▸ **WHAT YOU NEED TO DO**: A faithful copy of each entry below is expected, with the images removed.

++++ EXCERPTED DATA

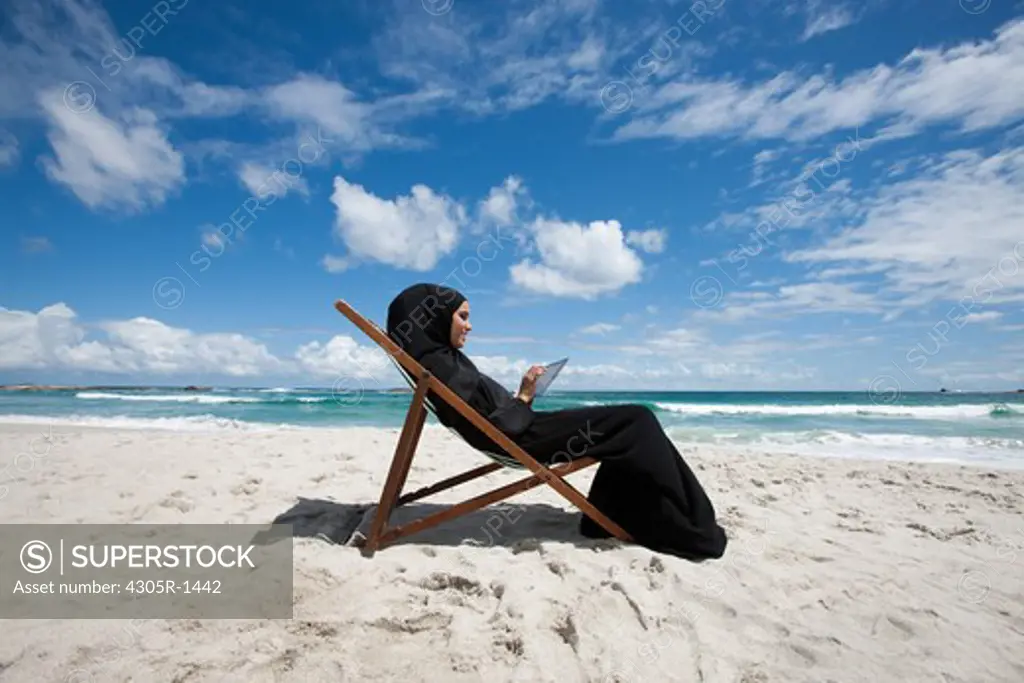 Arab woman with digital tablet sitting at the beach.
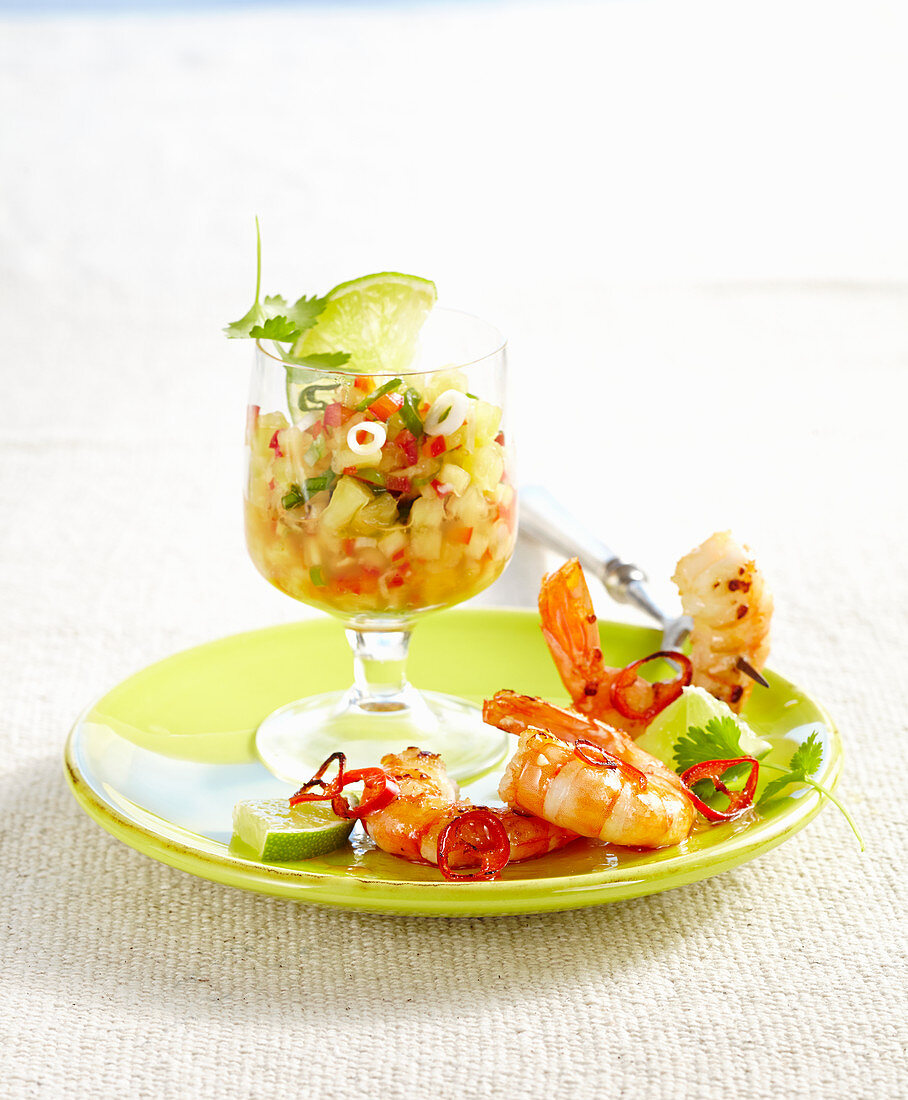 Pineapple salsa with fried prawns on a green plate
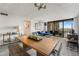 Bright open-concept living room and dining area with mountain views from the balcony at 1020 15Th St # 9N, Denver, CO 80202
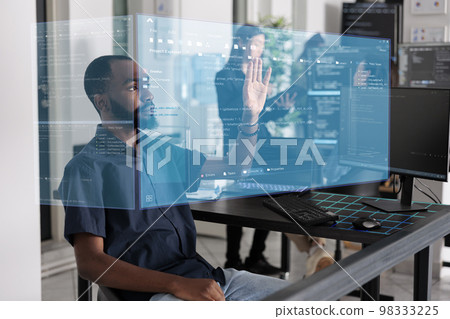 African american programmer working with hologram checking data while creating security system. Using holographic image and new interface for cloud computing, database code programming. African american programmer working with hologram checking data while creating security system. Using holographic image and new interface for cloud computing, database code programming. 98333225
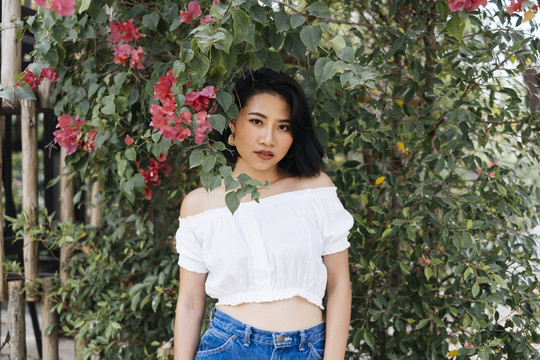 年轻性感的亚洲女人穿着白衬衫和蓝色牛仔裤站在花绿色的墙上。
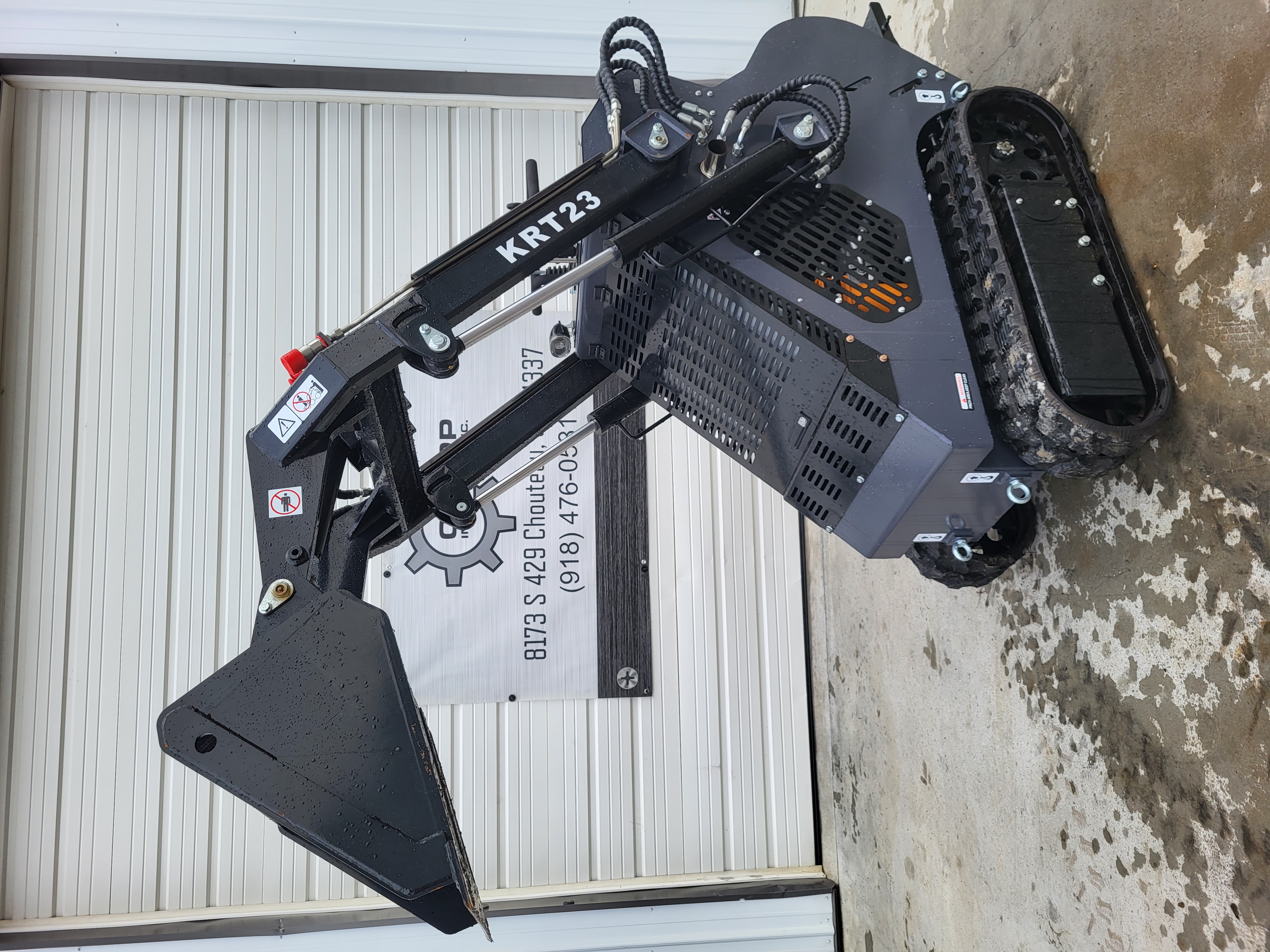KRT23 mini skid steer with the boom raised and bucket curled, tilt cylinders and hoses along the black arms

++++++++

▸ **RESPONSE**:
 Arab woman with digital tablet sitting at the beach.
 Pineapple salsa with fried prawns on a green plate
 Bright open-concept living room and dining area with mountain views from the balcony at 1020 15Th St # 9N, Denver, CO 80202
 African american programmer working with hologram checking data while creating security system. Using holographic image and new interface for cloud computing, database code programming. African american programmer working with hologram checking data while creating security system. Using holographic image and new interface for cloud computing, database code programming. 98333225
 年轻性感的亚洲女人穿着白衬衫和蓝色牛仔裤站在花绿色的墙上。
KRT23 mini skid steer with the boom raised and bucket curled, tilt cylinders and hoses along the black arms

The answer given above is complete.